ネット広告は個人データを集めるほど広告効果が上がるとされ、巨大ITが広告主や消費者などに対して有利な立場になりやすい。報告書では、利用目的が曖昧なまま取得した個人情報を広告に利用すると、消費者に対する「優越的地位の乱用」にあたる可能性があるとも指摘した。

報告書は、巨大ITの広告ビジネスが新聞社など報道機関に与える影響にも踏み込んだ。「質の高いコンテンツを提供するメディアが正当に評価される環境整備が重要だ」(公取委)として、巨大ITに向けた提言を盛り込んだ。
国内ではヤフーやLINE(ライン)などが運営するニュース配信サービスが利用者を伸ばしており、新聞社などはこうしたサイトに記事を配信して収入を得る。メディアへのアンケートでは「記事の配信料が決まる根拠が不透明だ」などと不満の声が寄せられた。公取委は「基準や根拠を明確にすることが望ましい」と注文をつけた。
クリック数が広告収入につながると、刺激的な見出しやフェイクニュースでアクセスを誘う行為を招く恐れがあるとも指摘した。配信サイトでは、記事を提供するメディア名をわかりやすく示すことや、サイトの上位に掲載する記事を内容の正確性や信頼性などに基づいて選ぶことなどを求めた。
政府は2018年ごろから巨大ITの規制づくりを進めてきた。21年2月1日には巨大ITの取引の透明化を義務付ける経済産業省所管の新法を施行した。大規模なオンラインモールやアプリストアなど一部の業種を対象としたが、今後ネット広告などにもこうした規制が広がる可能性がある。

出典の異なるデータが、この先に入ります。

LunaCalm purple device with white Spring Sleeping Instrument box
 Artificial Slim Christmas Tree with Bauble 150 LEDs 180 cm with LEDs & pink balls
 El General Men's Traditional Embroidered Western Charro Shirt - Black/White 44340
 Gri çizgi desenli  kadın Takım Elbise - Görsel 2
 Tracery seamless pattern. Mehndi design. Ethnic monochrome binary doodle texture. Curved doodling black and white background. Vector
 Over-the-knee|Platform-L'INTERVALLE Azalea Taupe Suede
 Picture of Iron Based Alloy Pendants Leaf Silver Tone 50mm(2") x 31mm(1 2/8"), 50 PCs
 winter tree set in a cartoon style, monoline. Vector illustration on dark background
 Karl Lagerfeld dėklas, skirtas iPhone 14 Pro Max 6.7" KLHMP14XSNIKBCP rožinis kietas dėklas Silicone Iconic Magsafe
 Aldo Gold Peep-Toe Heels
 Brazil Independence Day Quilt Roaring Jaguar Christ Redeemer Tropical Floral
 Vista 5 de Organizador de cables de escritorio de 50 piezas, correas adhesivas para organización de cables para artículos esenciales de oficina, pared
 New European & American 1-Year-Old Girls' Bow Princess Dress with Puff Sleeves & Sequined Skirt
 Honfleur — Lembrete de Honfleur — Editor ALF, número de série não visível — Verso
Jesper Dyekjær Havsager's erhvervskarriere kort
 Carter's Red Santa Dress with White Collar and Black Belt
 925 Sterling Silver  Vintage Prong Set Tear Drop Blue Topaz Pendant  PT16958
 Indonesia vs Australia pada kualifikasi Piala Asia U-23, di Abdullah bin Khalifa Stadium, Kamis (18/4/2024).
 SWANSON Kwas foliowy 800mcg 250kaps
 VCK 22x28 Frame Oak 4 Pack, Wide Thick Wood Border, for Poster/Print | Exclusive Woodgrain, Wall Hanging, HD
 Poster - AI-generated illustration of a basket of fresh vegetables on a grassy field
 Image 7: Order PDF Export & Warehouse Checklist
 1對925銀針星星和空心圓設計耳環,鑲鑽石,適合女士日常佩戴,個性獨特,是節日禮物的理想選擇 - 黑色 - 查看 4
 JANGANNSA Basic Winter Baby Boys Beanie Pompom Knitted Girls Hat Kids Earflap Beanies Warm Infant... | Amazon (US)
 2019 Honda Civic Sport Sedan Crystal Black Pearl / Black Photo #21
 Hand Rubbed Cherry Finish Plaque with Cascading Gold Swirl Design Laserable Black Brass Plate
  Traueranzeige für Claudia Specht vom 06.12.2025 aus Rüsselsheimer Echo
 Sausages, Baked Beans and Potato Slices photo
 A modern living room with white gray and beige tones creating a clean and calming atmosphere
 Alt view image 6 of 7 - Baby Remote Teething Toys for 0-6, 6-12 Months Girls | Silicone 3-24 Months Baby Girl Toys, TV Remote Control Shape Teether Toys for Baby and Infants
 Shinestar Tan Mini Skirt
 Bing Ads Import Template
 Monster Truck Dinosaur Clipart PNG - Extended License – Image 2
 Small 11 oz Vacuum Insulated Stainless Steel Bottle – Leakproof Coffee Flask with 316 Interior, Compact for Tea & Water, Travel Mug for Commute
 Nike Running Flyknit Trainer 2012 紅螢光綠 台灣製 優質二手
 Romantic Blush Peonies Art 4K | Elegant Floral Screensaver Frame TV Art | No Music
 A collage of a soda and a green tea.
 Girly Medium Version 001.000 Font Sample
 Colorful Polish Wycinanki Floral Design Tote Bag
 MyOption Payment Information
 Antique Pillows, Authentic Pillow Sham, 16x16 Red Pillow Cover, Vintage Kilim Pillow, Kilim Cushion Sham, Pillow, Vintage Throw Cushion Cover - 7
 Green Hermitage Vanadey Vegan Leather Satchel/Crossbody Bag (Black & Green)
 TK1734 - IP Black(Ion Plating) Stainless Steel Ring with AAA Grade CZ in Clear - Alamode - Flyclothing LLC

海外でもネット広告の寡占を問題視する動きが相次ぐ。20年末、テキサスなど米国の多くの州・地域で司法長官がグーグルを反トラスト法(独禁法)違反の容疑で提訴する動きが広がった。自社の取引市場を通じた広告供給を優先していることなどを問題視した。英国やオーストラリアはネット広告分野の寡占について調査を進めており、日本の公取委も英国の競争当局などと意見交換し報告書に反映した。